How Texas voters are feeling about Trump, Biden and more as election draws closer

Will this be the year Texas turns purple? A new poll gauges political sentiment in the Lone Star State.

By Rhonda Fanning & Patrick M. DavisMay 1, 2024 3:21 pm,

Every couple of months, the University of Texas at Austin’s Texas Politics Project surveys registered voters in the Lone Star State to check the political pulse.

In its most recent poll, it looks ahead at which candidate voters favor in this year’s presidential election. The poll also looks at how voters with different political affiliations feel about issues like abortion, border security and more.

Jim Henson, director of the Texas Politics Project, joined the Standard to talk about the survey’s findings. Listen to the interview above or read the transcript below.

This transcript has been edited lightly for clarity:

Let’s begin with presidential politics. Not too surprising that in Texas, former President Donald Trump is leading. But this poll also looked at the presidential race with and without third party candidates like RFK, Jr. Do any of the candidates seem to have more impact on President Biden’s or former President Trump’s numbers?

Jim Henson: Well, you’re right to single out RFK Jr. The presence of alternatives, such as they are, affected Biden slightly more than Trump in this poll. It was close to even with Kennedy taking 8% of Democrats in this poll, 6% of Republicans – a gap that’s within the margin of error.

So I think at this point, it’s fair to conclude that he’s draining roughly equal shares. But if you look at his favorability ratings in this poll, Kennedy is viewed much more negatively by Democrats on the whole.
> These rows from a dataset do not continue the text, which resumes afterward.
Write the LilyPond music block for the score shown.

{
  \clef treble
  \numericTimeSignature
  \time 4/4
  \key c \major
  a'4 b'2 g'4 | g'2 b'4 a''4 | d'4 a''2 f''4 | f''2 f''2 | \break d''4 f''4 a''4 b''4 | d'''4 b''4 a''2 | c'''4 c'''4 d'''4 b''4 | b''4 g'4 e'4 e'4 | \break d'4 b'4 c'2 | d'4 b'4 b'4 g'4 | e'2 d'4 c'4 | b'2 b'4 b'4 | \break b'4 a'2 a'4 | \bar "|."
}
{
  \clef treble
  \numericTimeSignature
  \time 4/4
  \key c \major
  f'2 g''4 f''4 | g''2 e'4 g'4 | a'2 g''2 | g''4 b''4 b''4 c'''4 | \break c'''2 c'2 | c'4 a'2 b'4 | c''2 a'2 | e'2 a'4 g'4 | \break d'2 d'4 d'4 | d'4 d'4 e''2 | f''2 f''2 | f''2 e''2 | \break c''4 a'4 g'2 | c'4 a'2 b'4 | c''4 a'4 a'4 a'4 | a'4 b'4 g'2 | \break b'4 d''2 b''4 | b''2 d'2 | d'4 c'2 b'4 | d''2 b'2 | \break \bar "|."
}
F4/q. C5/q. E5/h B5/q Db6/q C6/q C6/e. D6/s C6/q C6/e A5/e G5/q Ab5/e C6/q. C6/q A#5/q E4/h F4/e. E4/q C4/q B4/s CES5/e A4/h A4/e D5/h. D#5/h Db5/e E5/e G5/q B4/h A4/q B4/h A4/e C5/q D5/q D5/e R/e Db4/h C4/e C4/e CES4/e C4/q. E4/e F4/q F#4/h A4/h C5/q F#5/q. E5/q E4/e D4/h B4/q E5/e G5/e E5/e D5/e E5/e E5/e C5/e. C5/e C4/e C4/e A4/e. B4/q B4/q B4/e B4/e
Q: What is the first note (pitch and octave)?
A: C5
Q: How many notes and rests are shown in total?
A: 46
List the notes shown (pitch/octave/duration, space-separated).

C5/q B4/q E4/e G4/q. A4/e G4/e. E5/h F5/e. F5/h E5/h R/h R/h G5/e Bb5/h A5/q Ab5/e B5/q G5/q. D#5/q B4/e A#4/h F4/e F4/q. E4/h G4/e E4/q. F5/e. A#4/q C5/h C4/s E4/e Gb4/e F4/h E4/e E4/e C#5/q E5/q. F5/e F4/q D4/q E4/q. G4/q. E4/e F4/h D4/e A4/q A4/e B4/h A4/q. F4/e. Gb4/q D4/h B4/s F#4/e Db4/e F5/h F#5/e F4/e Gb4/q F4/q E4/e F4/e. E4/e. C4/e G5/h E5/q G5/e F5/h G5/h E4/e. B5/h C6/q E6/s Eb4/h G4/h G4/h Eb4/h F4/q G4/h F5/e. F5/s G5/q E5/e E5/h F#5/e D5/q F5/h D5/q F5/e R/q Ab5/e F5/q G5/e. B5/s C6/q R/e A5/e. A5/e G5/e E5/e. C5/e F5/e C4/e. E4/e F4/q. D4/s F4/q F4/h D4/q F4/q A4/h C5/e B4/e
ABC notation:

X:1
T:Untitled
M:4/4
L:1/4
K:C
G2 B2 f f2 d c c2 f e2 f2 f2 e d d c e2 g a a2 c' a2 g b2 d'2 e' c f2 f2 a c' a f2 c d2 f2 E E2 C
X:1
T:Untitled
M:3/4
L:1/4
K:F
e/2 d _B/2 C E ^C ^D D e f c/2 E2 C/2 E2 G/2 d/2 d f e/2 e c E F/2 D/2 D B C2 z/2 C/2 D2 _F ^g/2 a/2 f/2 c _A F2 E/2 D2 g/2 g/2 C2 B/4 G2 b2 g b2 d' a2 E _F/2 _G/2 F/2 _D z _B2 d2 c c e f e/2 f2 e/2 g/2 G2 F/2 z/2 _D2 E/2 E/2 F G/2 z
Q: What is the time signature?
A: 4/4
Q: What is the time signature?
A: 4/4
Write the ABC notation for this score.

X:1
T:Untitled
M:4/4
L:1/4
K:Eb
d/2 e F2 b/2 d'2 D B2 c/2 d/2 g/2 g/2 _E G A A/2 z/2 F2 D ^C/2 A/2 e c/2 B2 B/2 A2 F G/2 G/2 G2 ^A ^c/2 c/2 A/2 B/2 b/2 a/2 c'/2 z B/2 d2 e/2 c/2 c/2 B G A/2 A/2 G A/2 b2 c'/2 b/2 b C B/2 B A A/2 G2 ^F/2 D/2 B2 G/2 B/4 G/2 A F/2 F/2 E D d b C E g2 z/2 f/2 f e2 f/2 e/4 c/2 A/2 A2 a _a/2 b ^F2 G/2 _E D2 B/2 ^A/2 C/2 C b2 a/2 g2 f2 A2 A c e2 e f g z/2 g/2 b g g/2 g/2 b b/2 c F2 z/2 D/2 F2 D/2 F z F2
So I think there’s a pretty low ceiling for him among Democrats going forward. 

I know that you asked voters if they had concerns about their candidate of choice, and age has obviously become an issue in the political conversation. President Biden is 81 years old, Trump is just a few years behind him. Is age number one here among concerns in Texas, or are there other concerns that pop up in this poll? 

Well, there’s an interesting contrast here in the way we did this. Once we asked people what candidate they supported, we followed up and asked each group of supporters if they had concerns about their candidate. If they said they did, we then asked them what those concerns were.

Age is really a much bigger concern among Biden supporters than it is among Trump supporters, and that’s similar to what we’ve seen nationally. Two thirds of Biden supporters say something about his age and health are their main concerns.

There’s not much of a consensus concern among Trump voters. Only 7% say they’re concerned about his age. The most frequently mentioned concerns about the former president are his legal issues. But even then, only 18% of Trump supporters mentioned this is something they’re concerned about. 

We’ve been hearing about how abortion is playing in some of the local elections and other state elections. What about in Texas? How are voters in Texas feeling about stricter abortion laws here since the fall of Roe v. Wade? Are there any signs of that having an impact come November?

Well, the response we’ve seen in our polling since the combination of Texas’ highly restrictive abortion laws passed in 2021, and then the Dobbs decision the following year, has been an increase in the share of Texas voters who say that Texas abortion laws should be less strict.

There are, of course, big differences between Republicans and Democrats. But even among Republicans, we’ve seen a rise in the size of the minority of Republicans that think that abortion laws need to be made less strict.

Obviously, on the minds of listeners is what’s happening in the Mideast with the Israel-Hamas war and, of course, the protests at colleges we’ve been seeing around the state. Are Texas voters weighing in at all on support for U.S. aid to Israel? Did that come up?

It did. We’ve asked a few different questions about that.

The key question we asked was whether U.S. policy should primarily be working to support Israeli military efforts, should be primarily working to prevent Palestinian civilian casualties, or should be working to balance both. Now, the plurality, 35%, favored a balanced approach. A smaller share, 22%, said that the primary focus of U.S. policy should be working to support Israeli military efforts, and then 14% said that the primary goal should be preventing Palestinian civilian casualties.

The big takeaway here, in a lot of ways, is that the plurality is looking for some kind of balance in U.S. policy.

Jim, there’s been some talk in Texas that with demographic shifts, more people moving to Texas, that the political complexion of Texas is changing. And we could see a difference at the polls this November, moving more toward a purple state from red. Are you seeing any signs of that in this poll?

I don’t see much more movement towards the state being more competitive in the fall. But I would bracket that by saying it’s still early. A lot of people are still not paying attention, particularly to races below the presidential level. But I don’t think we’re seeing any signs of big shifts at this point, certainly not in our polling so far this year.